* **Task directions**: Make an exact copy of the listing, without images.

* **Supplied data**:
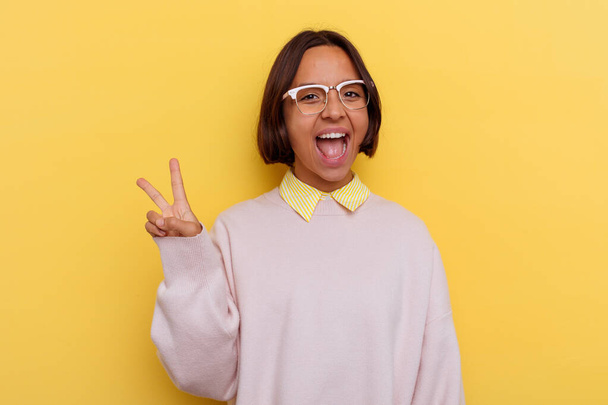 Young student mixed race woman isolated on yellow background joyful and carefree showing a peace symbol with fingers. - Photo, Image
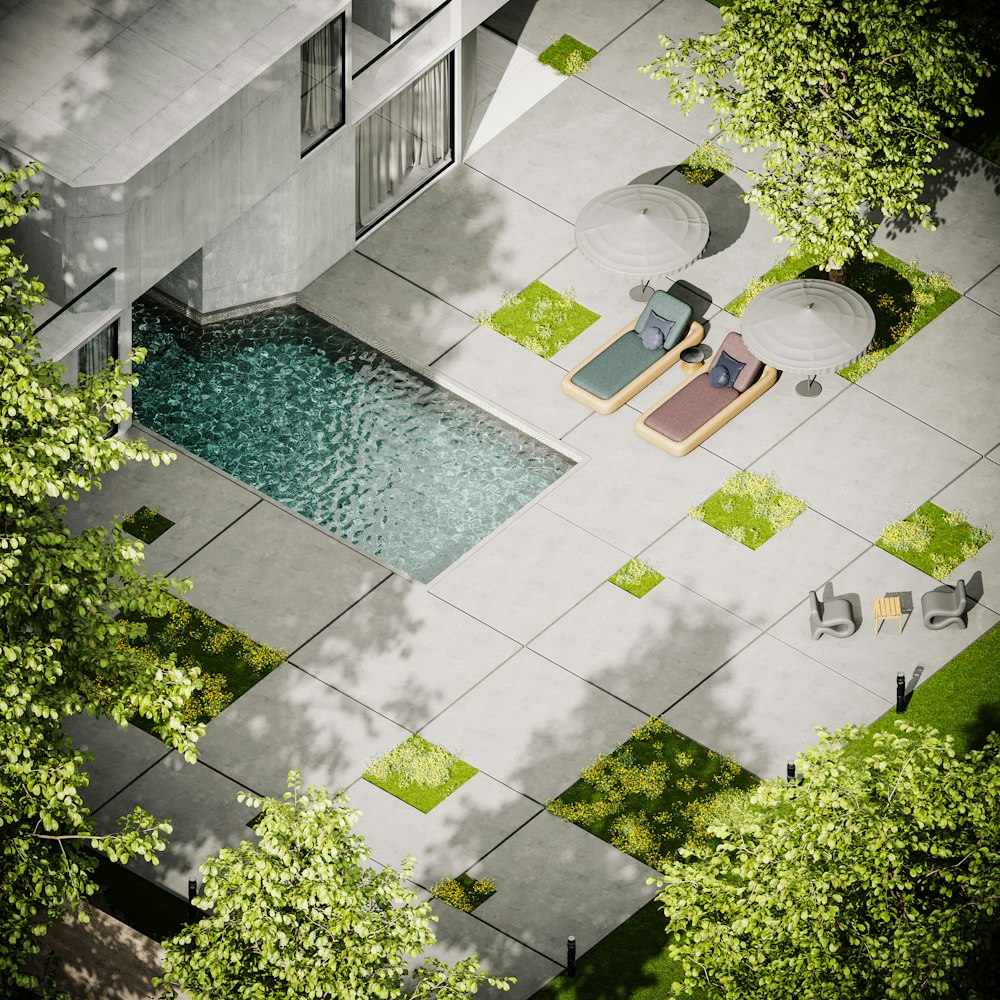 a courtyard with a pool and chairs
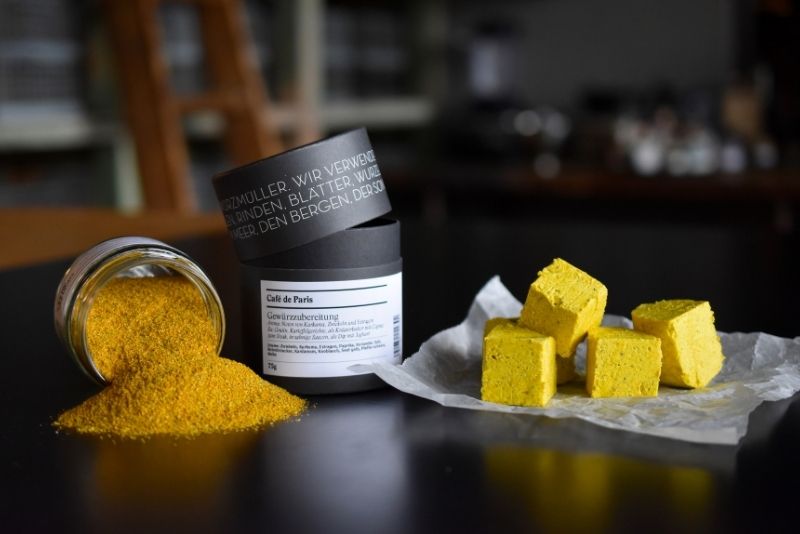 Zwei Cafe de Paris Gewürzdosen und gewürzte Butterwürfel auf einem Tisch stehend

* **The answer**:
 Young student mixed race woman isolated on yellow background joyful and carefree showing a peace symbol with fingers. - Photo, Image
 a courtyard with a pool and chairs
 Zwei Cafe de Paris Gewürzdosen und gewürzte Butterwürfel auf einem Tisch stehend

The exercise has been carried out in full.